Task to complete => Using the data beneath this instruction, retype only the lines from the one that contains "A small hover" down to the one that contains "African fish eagle cocks head on grass African", both included, exactly as they appear.

(Stored items from a collection)

● ● ● ●

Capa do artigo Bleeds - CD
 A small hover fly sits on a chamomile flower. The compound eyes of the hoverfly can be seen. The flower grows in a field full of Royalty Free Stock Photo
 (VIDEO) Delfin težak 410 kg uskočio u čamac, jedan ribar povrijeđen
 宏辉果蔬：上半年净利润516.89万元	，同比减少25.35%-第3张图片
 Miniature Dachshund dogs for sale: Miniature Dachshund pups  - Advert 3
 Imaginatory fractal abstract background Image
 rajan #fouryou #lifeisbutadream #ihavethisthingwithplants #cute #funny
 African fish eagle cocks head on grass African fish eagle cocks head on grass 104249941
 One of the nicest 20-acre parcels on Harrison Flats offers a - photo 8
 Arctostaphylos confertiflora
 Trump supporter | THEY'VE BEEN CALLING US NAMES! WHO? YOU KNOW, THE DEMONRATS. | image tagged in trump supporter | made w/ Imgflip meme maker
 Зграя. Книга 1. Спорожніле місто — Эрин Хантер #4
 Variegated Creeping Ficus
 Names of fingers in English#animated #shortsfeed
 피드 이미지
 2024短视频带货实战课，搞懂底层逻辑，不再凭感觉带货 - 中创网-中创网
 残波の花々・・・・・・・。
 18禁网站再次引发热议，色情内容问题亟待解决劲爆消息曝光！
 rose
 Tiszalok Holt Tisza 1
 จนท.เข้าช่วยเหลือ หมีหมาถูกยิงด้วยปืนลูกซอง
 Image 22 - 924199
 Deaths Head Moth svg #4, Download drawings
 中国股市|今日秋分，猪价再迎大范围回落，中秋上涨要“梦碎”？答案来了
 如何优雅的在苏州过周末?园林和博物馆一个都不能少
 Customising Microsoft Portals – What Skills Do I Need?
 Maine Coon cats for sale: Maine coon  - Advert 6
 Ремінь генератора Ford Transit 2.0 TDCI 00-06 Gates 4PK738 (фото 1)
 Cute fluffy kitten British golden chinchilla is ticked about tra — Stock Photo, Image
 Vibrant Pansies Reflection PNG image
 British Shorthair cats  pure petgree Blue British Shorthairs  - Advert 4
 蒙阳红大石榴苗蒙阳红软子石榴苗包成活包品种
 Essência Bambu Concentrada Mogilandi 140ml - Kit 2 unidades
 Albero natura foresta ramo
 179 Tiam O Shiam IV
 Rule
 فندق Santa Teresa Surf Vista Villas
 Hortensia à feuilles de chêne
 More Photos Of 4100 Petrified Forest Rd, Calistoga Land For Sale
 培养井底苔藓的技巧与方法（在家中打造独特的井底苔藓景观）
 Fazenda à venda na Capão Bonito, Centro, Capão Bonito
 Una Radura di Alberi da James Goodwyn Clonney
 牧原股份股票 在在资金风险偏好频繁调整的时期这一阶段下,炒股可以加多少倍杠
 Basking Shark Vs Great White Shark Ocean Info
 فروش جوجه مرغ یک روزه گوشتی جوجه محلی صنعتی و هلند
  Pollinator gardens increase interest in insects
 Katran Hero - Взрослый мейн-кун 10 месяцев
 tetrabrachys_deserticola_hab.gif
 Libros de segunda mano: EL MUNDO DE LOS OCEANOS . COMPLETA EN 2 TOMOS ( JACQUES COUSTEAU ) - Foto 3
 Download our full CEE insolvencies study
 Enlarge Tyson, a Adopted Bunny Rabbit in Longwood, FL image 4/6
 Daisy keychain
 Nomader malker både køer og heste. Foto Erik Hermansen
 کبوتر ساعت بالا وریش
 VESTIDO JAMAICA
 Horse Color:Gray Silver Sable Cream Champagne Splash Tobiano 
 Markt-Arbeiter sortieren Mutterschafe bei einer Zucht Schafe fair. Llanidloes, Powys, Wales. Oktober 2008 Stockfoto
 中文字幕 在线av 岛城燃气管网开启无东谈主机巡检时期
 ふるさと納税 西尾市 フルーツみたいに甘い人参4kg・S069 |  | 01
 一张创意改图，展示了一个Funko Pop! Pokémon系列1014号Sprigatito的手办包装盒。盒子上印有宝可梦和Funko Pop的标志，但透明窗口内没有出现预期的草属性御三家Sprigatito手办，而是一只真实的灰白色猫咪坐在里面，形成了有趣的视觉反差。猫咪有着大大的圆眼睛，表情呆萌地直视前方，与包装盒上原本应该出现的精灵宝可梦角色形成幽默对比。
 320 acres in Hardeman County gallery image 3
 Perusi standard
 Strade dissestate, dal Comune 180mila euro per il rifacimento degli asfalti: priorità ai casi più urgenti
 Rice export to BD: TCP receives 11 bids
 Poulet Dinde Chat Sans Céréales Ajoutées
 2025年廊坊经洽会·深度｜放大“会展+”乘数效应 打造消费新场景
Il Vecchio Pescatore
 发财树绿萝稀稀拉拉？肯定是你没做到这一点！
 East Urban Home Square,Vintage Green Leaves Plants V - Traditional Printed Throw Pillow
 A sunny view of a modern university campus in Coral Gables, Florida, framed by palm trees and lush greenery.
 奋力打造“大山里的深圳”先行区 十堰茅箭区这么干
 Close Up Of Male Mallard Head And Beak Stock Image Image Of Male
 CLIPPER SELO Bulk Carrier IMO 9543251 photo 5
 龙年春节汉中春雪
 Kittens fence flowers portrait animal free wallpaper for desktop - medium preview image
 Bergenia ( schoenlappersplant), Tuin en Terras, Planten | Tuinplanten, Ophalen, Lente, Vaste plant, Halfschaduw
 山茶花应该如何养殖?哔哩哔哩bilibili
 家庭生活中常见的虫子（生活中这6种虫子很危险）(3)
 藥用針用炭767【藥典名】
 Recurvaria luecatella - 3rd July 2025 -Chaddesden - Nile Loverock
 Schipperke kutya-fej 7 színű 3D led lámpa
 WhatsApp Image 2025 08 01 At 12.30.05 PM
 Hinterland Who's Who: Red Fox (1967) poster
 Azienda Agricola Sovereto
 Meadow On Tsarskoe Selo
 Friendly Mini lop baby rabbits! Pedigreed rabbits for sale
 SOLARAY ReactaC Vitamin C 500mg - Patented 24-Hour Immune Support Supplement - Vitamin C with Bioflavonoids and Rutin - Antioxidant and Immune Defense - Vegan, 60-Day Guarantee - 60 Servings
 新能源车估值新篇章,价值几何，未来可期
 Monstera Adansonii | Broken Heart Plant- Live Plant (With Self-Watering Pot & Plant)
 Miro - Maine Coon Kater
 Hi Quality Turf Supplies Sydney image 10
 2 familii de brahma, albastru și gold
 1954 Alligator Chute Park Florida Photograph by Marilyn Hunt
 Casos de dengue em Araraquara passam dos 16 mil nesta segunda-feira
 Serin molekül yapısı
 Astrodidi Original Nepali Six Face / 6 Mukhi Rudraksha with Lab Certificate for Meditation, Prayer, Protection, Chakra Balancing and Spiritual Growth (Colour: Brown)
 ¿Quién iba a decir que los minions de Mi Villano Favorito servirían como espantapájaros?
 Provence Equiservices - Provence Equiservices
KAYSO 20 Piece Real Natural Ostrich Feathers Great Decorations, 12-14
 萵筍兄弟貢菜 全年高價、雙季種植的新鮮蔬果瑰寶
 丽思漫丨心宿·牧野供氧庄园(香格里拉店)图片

● ● ● ●

Response to the exercise =>
 A small hover fly sits on a chamomile flower. The compound eyes of the hoverfly can be seen. The flower grows in a field full of Royalty Free Stock Photo
 (VIDEO) Delfin težak 410 kg uskočio u čamac, jedan ribar povrijeđen
 宏辉果蔬：上半年净利润516.89万元	，同比减少25.35%-第3张图片
 Miniature Dachshund dogs for sale: Miniature Dachshund pups  - Advert 3
 Imaginatory fractal abstract background Image
 rajan #fouryou #lifeisbutadream #ihavethisthingwithplants #cute #funny
 African fish eagle cocks head on grass African fish eagle cocks head on grass 104249941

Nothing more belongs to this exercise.